Am I suggesting that you dramatically increase the ability of the character to fight battles? Oh my God NO!! If that is really how you took that, you’re probably in the wrong blog. What I am suggesting is that having unseen supernatural allies around serves a number of incredibly powerful purposes. For instance - The spirit of the dead or the magical spirit might be able to sense things like clairvoyance or other snooping spells. A dog, especially a supernatural one, would sniff out invisible assassins as they were moving in (even if the dog was useless in battle afterwards - still hugely valuable). Depending on the god or devil who sent the “minion” they could do just about anything, from warning of impending dangers to healing to casting some manner of defensive/protection spell. It seems perfectly reasonable for major landowner (Count or Duke) who encourages his people to worship a certain deity to have an angel who can cast a “summon armor” type spell on the nobleman, or a devil who can do the same. Of course the appearance of the armor would be dramatically different, but the effect would be the same.

A couple of examples in one of my campaigns: There is a warrior who has inadvertently done several missions for one of the major war gods. Because this warrior had never “declared” that they worshiped this god, he cannot wrap them in his full protections, but he did assign a messenger type angel to follow them around and report back what they do. (My gods are not all knowing; they need to have agents.) Not only does this angel spy and report, but it serves a guardian of sorts. Should any other god try to get their hooks into this warrior, the angel is there to warn them off. Eventually they did “declare” for this god, and a more powerful messenger showed up, as well as some rather serious “markings” of the war god’s “territory”.

One of the characters married the local baron. As Baroness, she gets involved in all sorts of issues in the city and region. One thing she did was suppress the racial bigotry against what is effectively the gypsies. Not only does she have a fortune teller (with real magic), but she has made a point of bringing guards into their neighborhood when there were people looking to terrorize them. In return, they gave her an incredibly artistic deck of cards. There’s no extra magic on it, other than the standard fortune telling magic (that the gypsy herself has), but only the baroness is allowed to handle the cards. The fortune tellers know that one of the spirits of fortune telling will detect the deck and latch onto it. The fortune telling spirits (in my campaign) can be incredibly vain, so only a powerful spirit will be able to claim this deck as its channel to the mortal realm. That pride will work in the Baroness’ favor as that spirit can then be manipulated using its pride to find out things that lesser spirits might not be able to learn, thus making the deck more powerful.

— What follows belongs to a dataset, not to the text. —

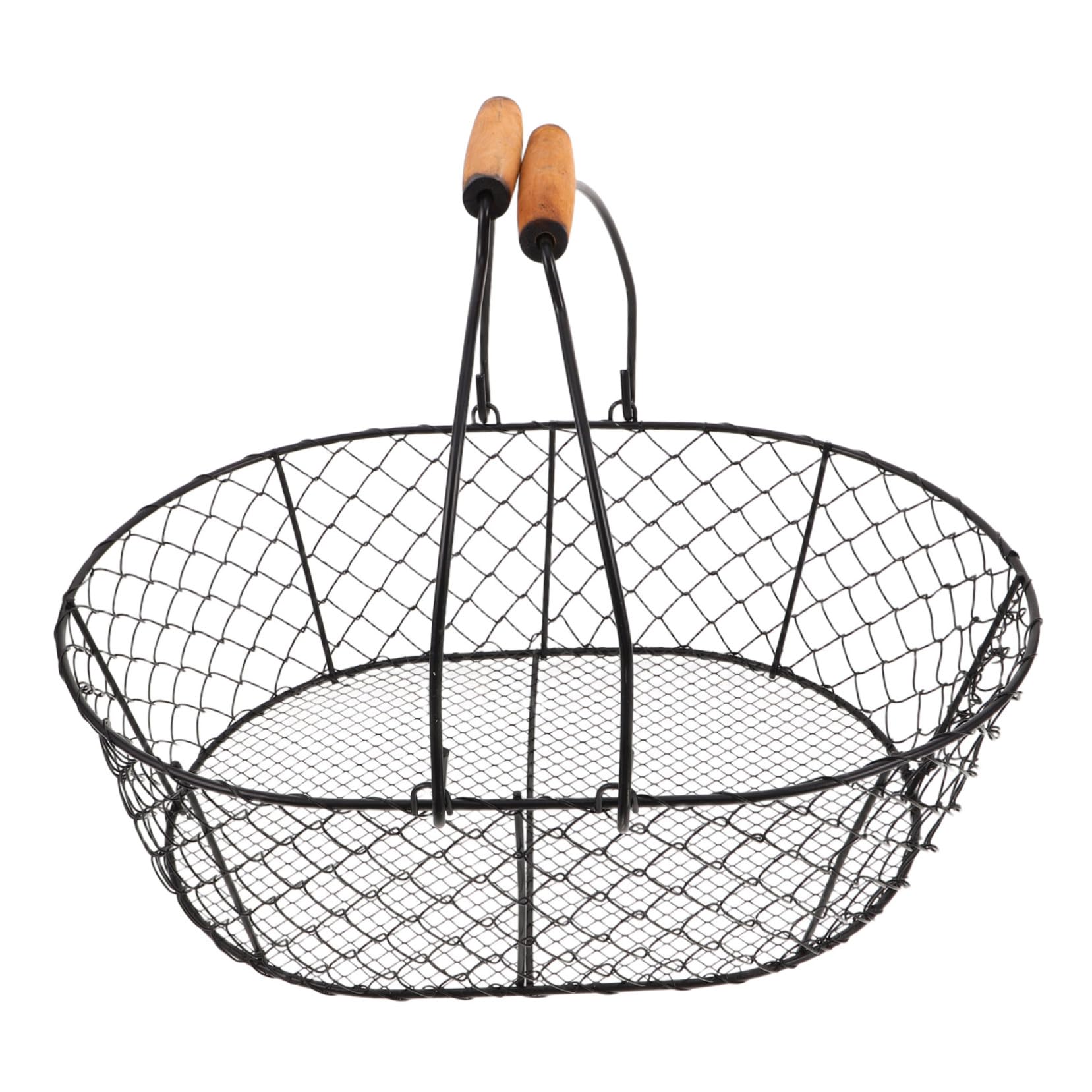 Cabilock Cesta Para Almacenar Carbón De Metal Negro Leñero Para Chimenea Con Asas Organizador Para Encimera Para Camping y Uso Doméstico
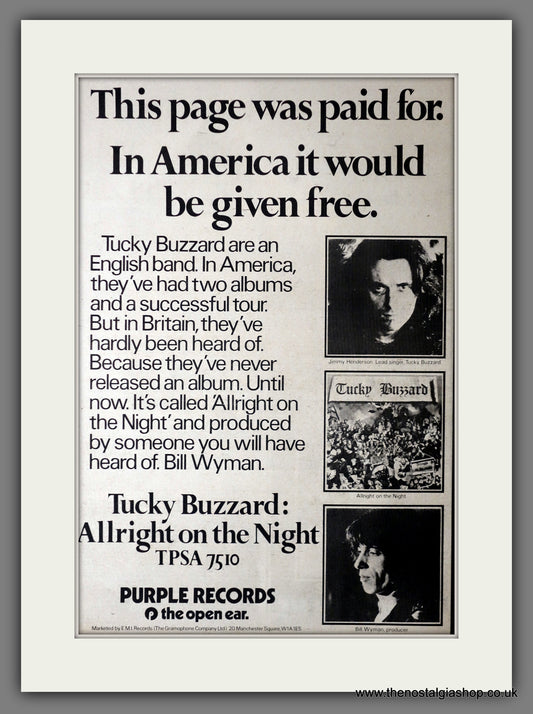 Tucky Buzzard. All Right On The Night. Vintage Advert 1973 (ref AD14346)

This is the kind of crazy stuff that needs to be in a high fantasy campaign. Can a fortune teller tell fortunes using tea leaves? Yes, but when you introduce a fancy ebony wood deck with gold and silver leaf and its own personal vain spirit, that’s when it is not only cool (from a role-playing POV) but also has some impact in the actual playing of the game. How often was the war angel useful? Never. Well, once - a priest of the same god wasn’t trusting the party, but he noticed that the angel was there, and immediately changed his tune. The players didn’t get it at the time, but that’s OK. I may rant against a certain author who is the darling of novels and HBO, but he has reminded us that supernatural things happen, and not everyone needs to understand them for them to still be both fun and memorable.